3.2. For each substance-specific dependence, the G allele of rs1799971 is similarly protective but non-significant
In our primary test of rs1799971 genotype as the dependent variable on the 9 datasets that had assessed all five substance dependence diagnoses and exposures, we obtained odds ratios that ranged from 0.89 (nicotine dependence) to 0.92 (cocaine dependence). The odds ratio for each specific substance showed the same protective direction as that for general substance dependence, though none was statistically significant in these smaller samples (Table 4). Also, odds ratios for specific substances did not differ significantly from each other (Table S2), suggesting consistency across substances.
We also examined traditional logistic regression in these 9 datasets. Each substance dependence diagnosis was examined as the outcome (cases dependent on that substance and controls required to be non-dependent but exposed to that substance), with rs1799971 as the predictor and the remaining diagnoses as covariates. Results were similar to those from our ordinal logistic model (Table 4, bottom half). Finally, analyzing all available datasets for these same case/control outcomes (cases dependent on each specific substance, controls non-dependent and exposed to that substance) also showed protective, but non-significant, odds ratios consistent with those seen in the datasets that assessed all dependence diagnoses and exposures (Supplementary Figures S1–S5).
4. DISCUSSION
This project, the first collaborative genetic meta-analysis to investigate specific and general liability for these substance dependence diagnoses, has demonstrated that the G allele of rs1799971 has a modest protective effect on general substance dependence liability (OR = 0.90, 95% C.I. (0.83–0.97), p-value =9.52 × 10−3) in samples of European ancestry. This is the first meta-analysis to show that this non-synonymous variant, which has been heavily studied for functional effects, is significantly associated in European ancestry samples with liability to substance dependence. The small but significant effect size of rs1799971 suggests that variability in previous association reports may be due in part to sampling variation. This collaborative meta-analysis benefited from the opportunity to define uniform phenotypes across studies, perform coordinated, de novo analyses to test our hypotheses, and include existing datasets that have not yet focused on the question of rs1799971 and addiction.

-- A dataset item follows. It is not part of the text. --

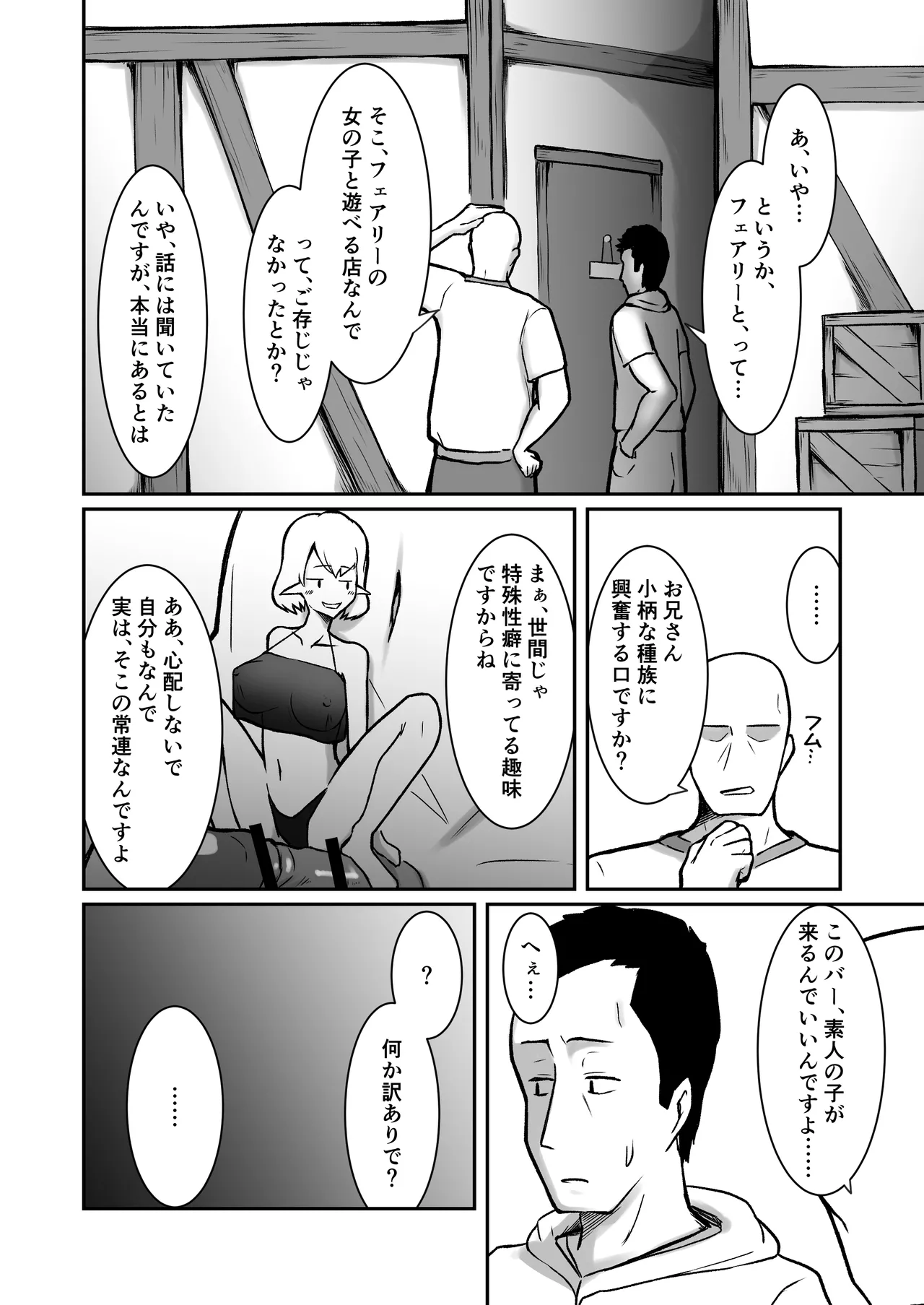 フェアリー嫁とエッチなバーで遊ぶ話 Page.11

The protective effect of this allele on substance dependence liability appears to be non-specific: it is not driven primarily by dependence on any particular substance. For each substance-specific subset of cases compared to the general dependence controls, we observed a protective effect of similar size to that observed for general dependence. Additional substance-specific analyses similarly showed consistent protective effects of the G allele. These substance-specific odds ratios were not statistically significant, but this may have been largely due to reduced sample size and power.

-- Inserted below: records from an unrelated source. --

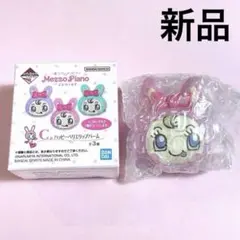 鈴*木様 新品　メゾピアノ　一番コフレ　一番くじ　ハッピーベリエ　リップバーム
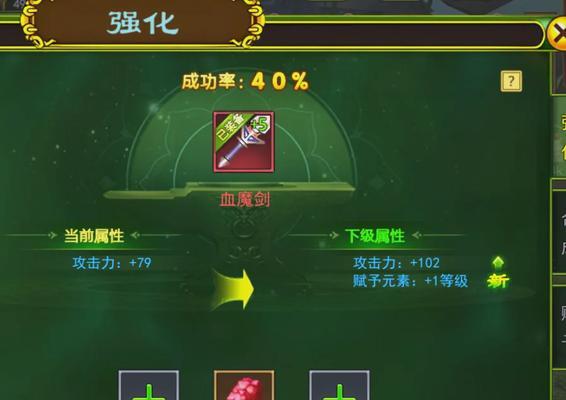 热血江湖武器锻造材料哪里找？获取材料的最快途径是什么？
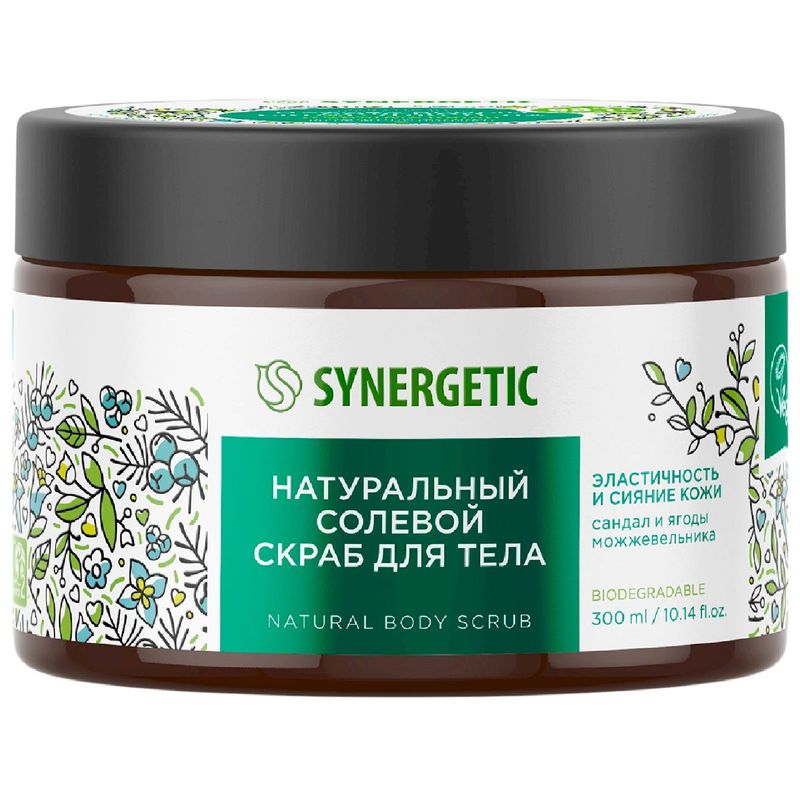 

Cолевой скраб для тела Synergetic Сандал и Ягоды Можжевельника 300 мл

These findings indicate that rs1799971 in OPRM1 may contribute to mechanisms of addiction liability that are shared across different addictive substances, consistent with the high genetic correlation between the traits, high co-morbidity, and with prior studies showing that both substance-specific and non-specific genetic effects on addiction liability can be expected (Bierut et al. 1998; Kendler et al. 2007; Merikangas et al. 1998; Swan et al. 1997; Tsuang et al. 1998; Vanyukov et al. 2012; Vanyukov et al. 2003). Rs1799971 is now one of the few examples of a genetic factor that demonstrates a similar, general effect across multiple substances, albeit of modest magnitude. In this sense, our study is similar to a genome-wide association study of multiple psychiatric disorders that identified variants having a common, cross-disorder genetic effect on five major psychiatric diseases (Cross-Disorder Group of the Psychiatric Genomics Consortium 2013). Both studies underscore the value of investigating the genetics of general liability underlying related diseases. Genetic studies of addiction would therefore benefit from including measures pertaining to multiple substances that can then be analyzed collectively. Indeed, a very recent genome-wide study of general substance dependence liability using four of the five substances studied here (alcohol, cannabis, cocaine, opioids) reported novel associations (Wetherill et al. 2015), further supporting the potential benefits.

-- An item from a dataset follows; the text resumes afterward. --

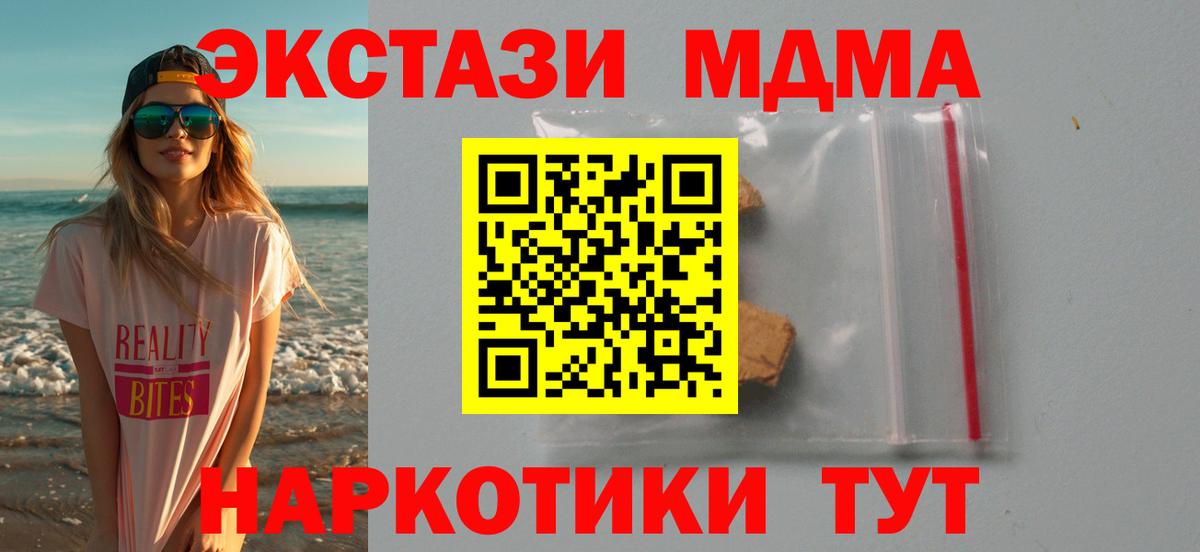 Амфетамин Благовещенск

Our results are compatible with negative results from prior genome-wide meta-analyses of cigarettes-per-day (Liu et al. 2010; The Tobacco and Genetics Consortium 2010; Thorgeirsson et al. 2010). Our hypothesis-driven analyses of a single SNP translate to a study-wide required significance threshold of 9.76×10−3. This led to statistically significant evidence for a modest effect (OR=0.90) of rs1799971 on general substance dependence liability, in N=16,908 subjects (Table 3). The three genome-wide smoking consortia tested OPRM1 only in each consortium separately (N=38,000, N=31,000, and N=16,000 smokers with cigarettes-per-day); estimated power to have detected the nicotine-specific odds ratio of 0.93 (Table 3) in at least one of the three consortia with genome-wide significance (alpha=5×10−8) is only 4%. Power details are in Supplementary Text S2. Hence it is not surprising that these smoking consortia did not report an OPRM1 effect.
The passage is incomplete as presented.